### Task objective
Exact duplicates of the lines from the top of the data through the line containing "A panoramic framed" are needed, with every picture left out.

### Short descriptive text snippets
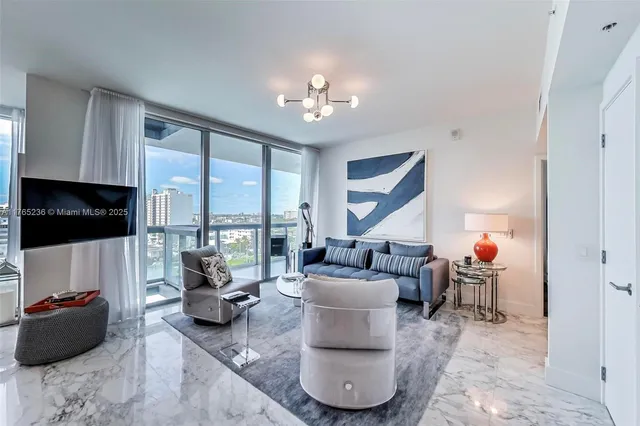 a living room with furniture a flat screen tv and a large window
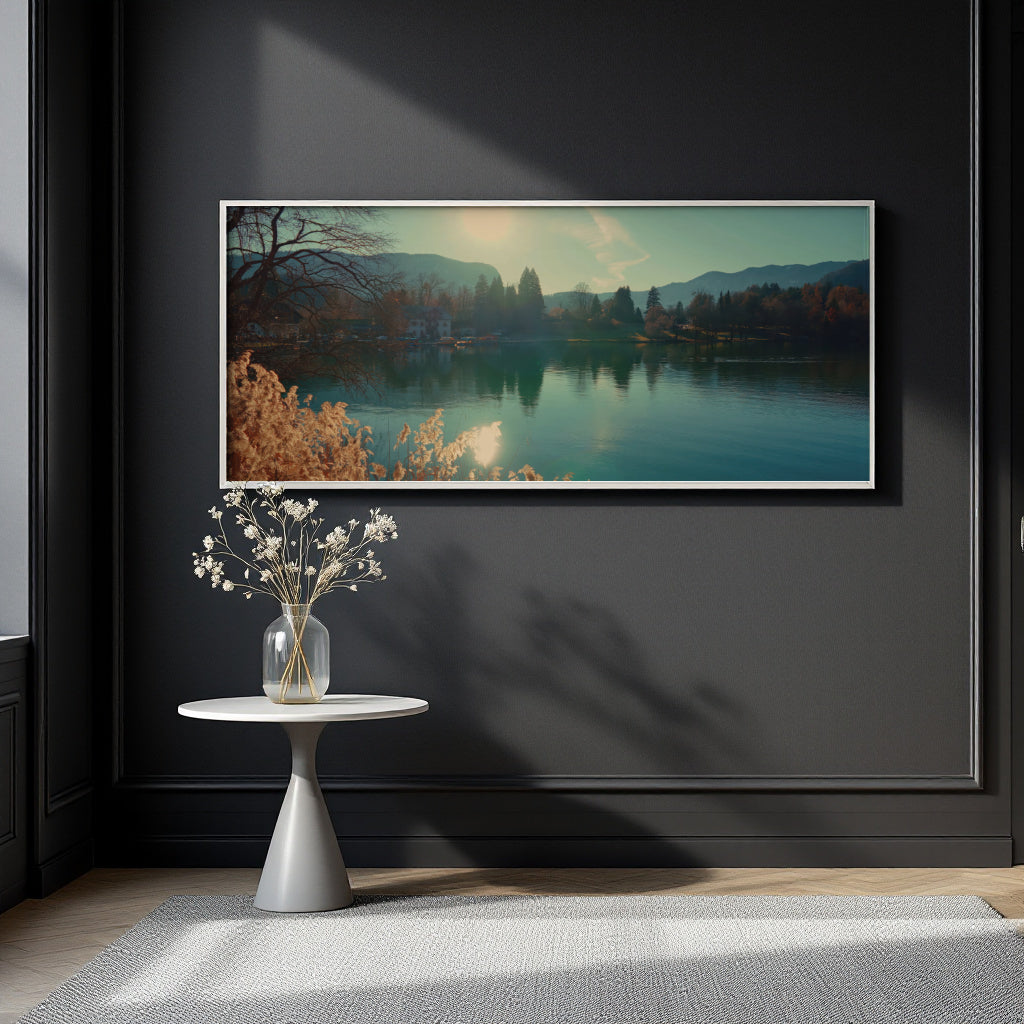 A panoramic framed landscape art print depicting a serene lake with mountains and autumn trees, displayed on a dark charcoal wall above a small white side table with a vase of white flowers.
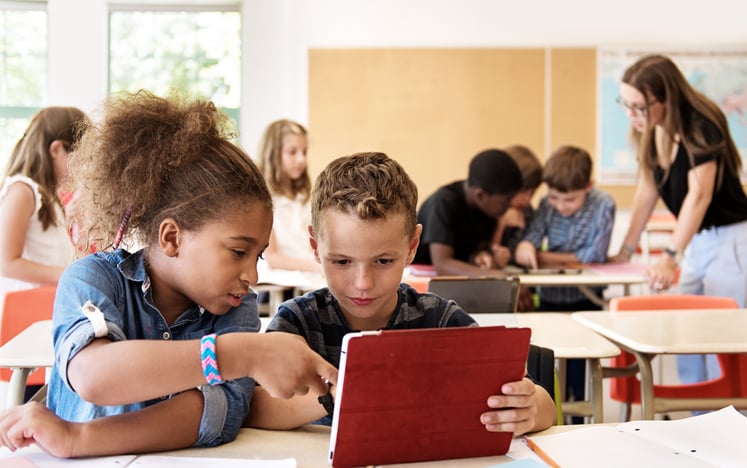 School kids in class using a digital tablet inclusive classroom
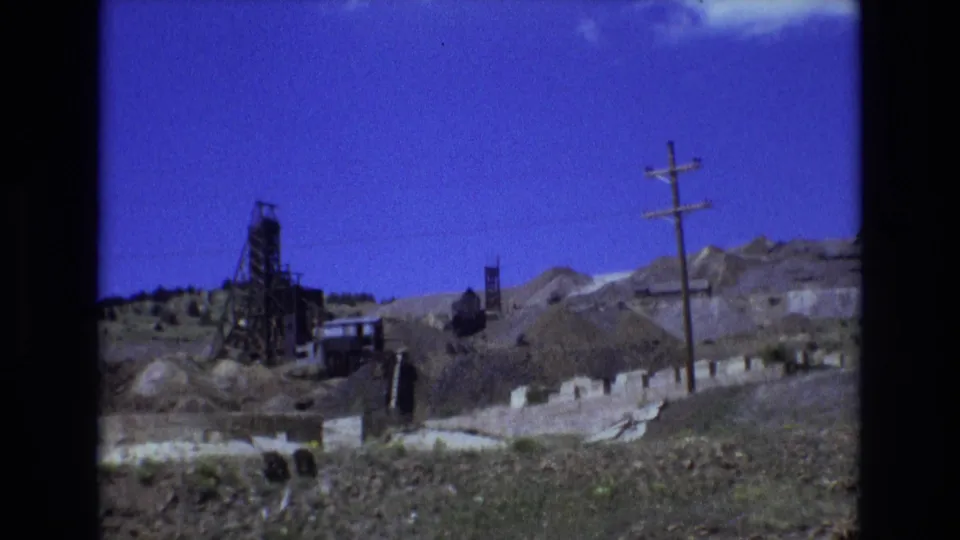1973 Colorado Springs-area home-movie frame with a mine structure, rocky spoil piles, a utility pole, and low mountains in the background.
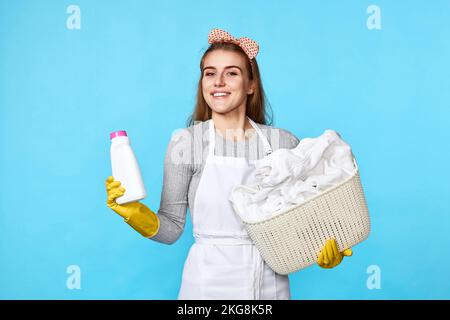 Frau in Gummihandschuhen mit Wäschekorb und Waschmittelflasche Stockfoto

### Result below
 a living room with furniture a flat screen tv and a large window
 A panoramic framed landscape art print depicting a serene lake with mountains and autumn trees, displayed on a dark charcoal wall above a small white side table with a vase of white flowers.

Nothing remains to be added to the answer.